▸ What you are asked to do: Could you please retype the records exactly, minus their pictures?

▸ The data:
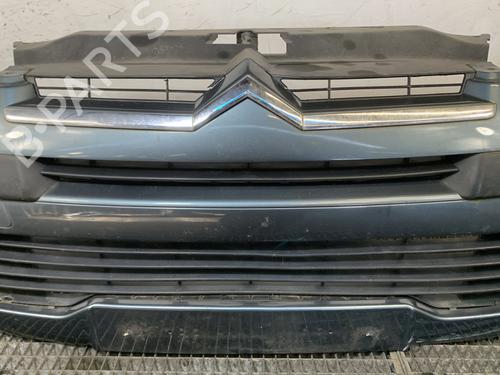 front-bumper-citroen-c4-i-lc_-2004-2005-2006-2007-2008-2009-2010-2011-2012-2013-2014-33427327 main image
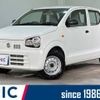 suzuki alto 2017 CFJ1717874 image 1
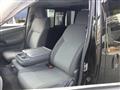 2019 Nissan NV350 Caravan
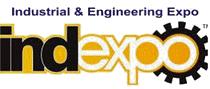 2024印度海德拉巴国际工业与工程博览会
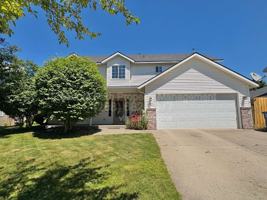 featured image of 1955 W Ridgemont Ave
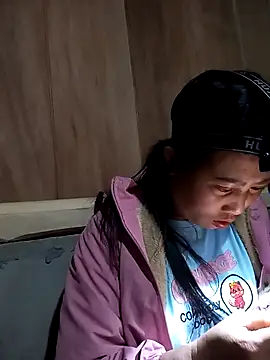 jerry-xx online show from 03-19-26, 08:42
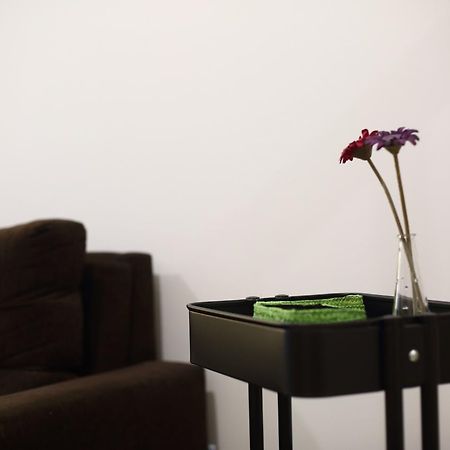 Tolosa By Smiling Rentals أونذاريبيا المظهر الخارجي الصورة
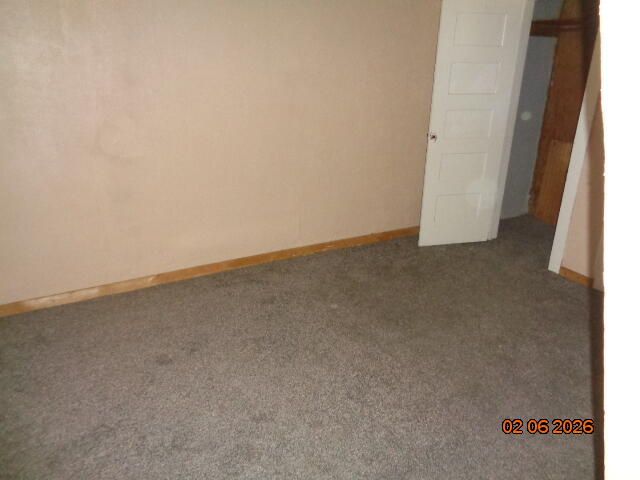 514 Joseph Avenue, Estancia, NM 87016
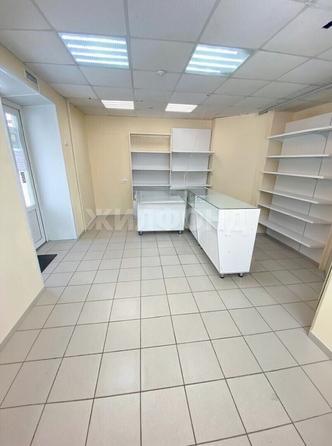 
  Продается торговая площадь 32 м². Фото 2.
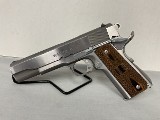SPRINGFIELD ARMORY 1911-A1 45 ACP (45 Auto) - 2 of 3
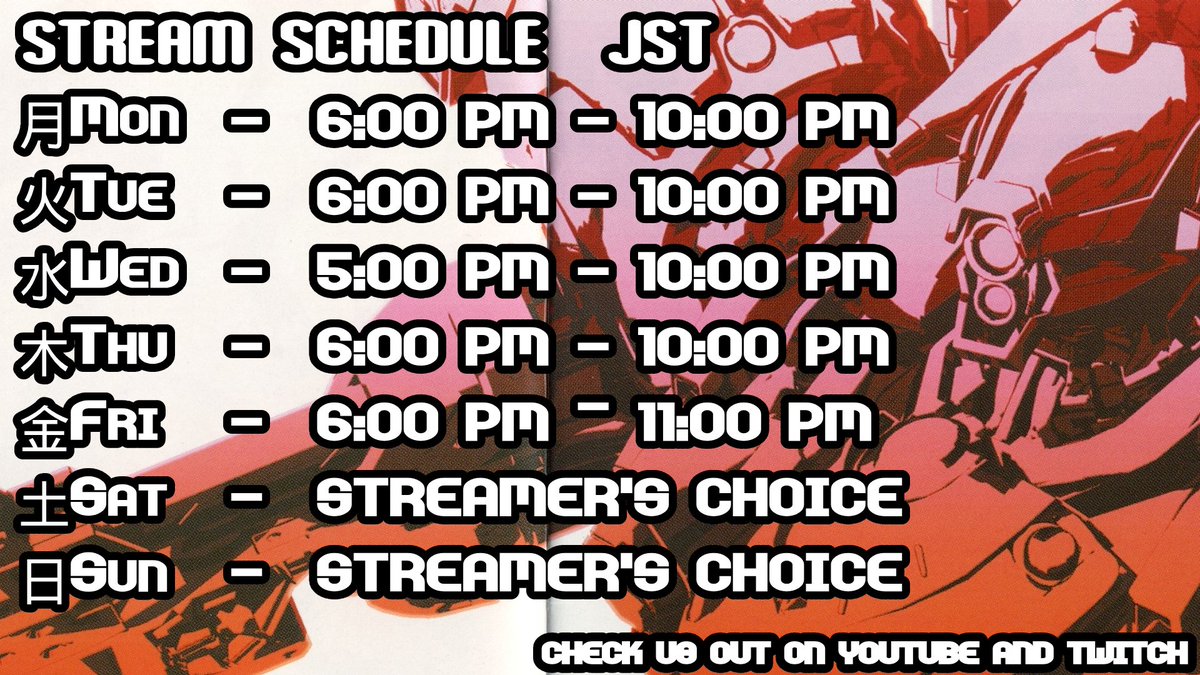 UpsideDown tweet media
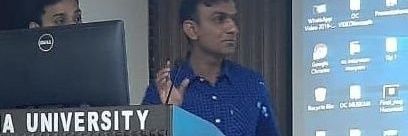 AamircheemaEngr's profile banner image
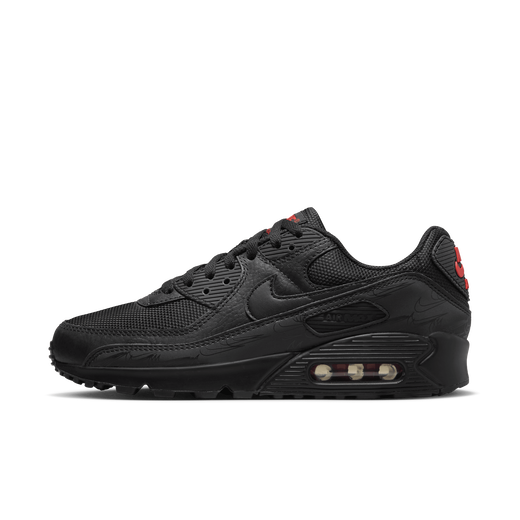 Nike air max on sale 90 essential herren sale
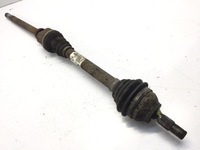 фото thumb №1, Приводной вал правая peugeot 3008 1,6 hdi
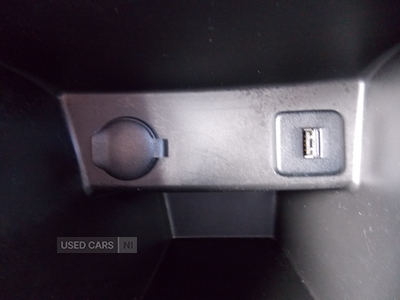 SD65EDRSuzukiSwift-19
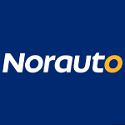 Norauto Soldes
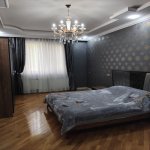 Kirayə (günlük) 7 otaqlı Həyət evi/villa Qax 25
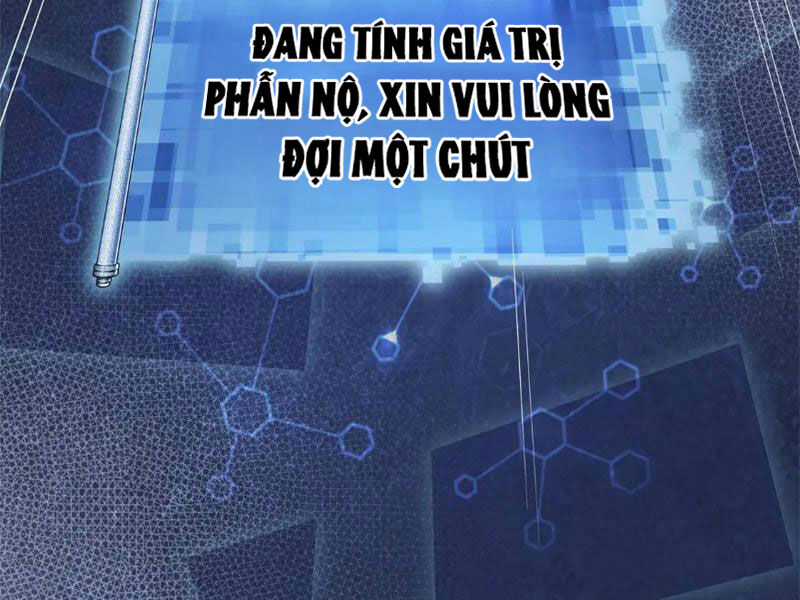Bắt Đầu Với Tuyệt Sắc Sư Tôn: Hệ Thống Tổng Cục Phản Cốt Chương 57 trang 42
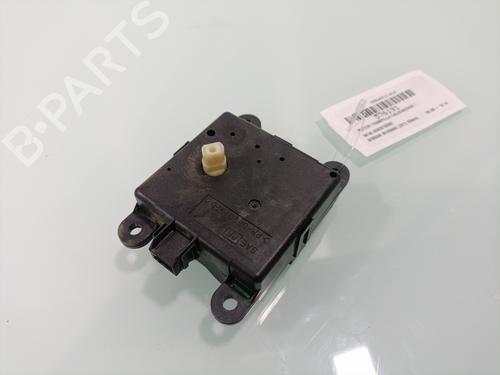 Electronic module NISSAN MURANO II (Z51) 3.5 4x4 | BP33842566M83 - Image 3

▸ Output for this task:
 front-bumper-citroen-c4-i-lc_-2004-2005-2006-2007-2008-2009-2010-2011-2012-2013-2014-33427327 main image
 suzuki alto 2017 CFJ1717874 image 1
 2019 Nissan NV350 Caravan
 2024印度海德拉巴国际工业与工程博览会
 featured image of 1955 W Ridgemont Ave
 jerry-xx online show from 03-19-26, 08:42
 Tolosa By Smiling Rentals أونذاريبيا المظهر الخارجي الصورة
 514 Joseph Avenue, Estancia, NM 87016
  Продается торговая площадь 32 м². Фото 2.
SPRINGFIELD ARMORY 1911-A1 45 ACP (45 Auto) - 2 of 3
 UpsideDown tweet media
 AamircheemaEngr's profile banner image
 Nike air max on sale 90 essential herren sale
 фото thumb №1, Приводной вал правая peugeot 3008 1,6 hdi
 SD65EDRSuzukiSwift-19
 Norauto Soldes
 Kirayə (günlük) 7 otaqlı Həyət evi/villa Qax 25
Bắt Đầu Với Tuyệt Sắc Sư Tôn: Hệ Thống Tổng Cục Phản Cốt Chương 57 trang 42
 Electronic module NISSAN MURANO II (Z51) 3.5 4x4 | BP33842566M83 - Image 3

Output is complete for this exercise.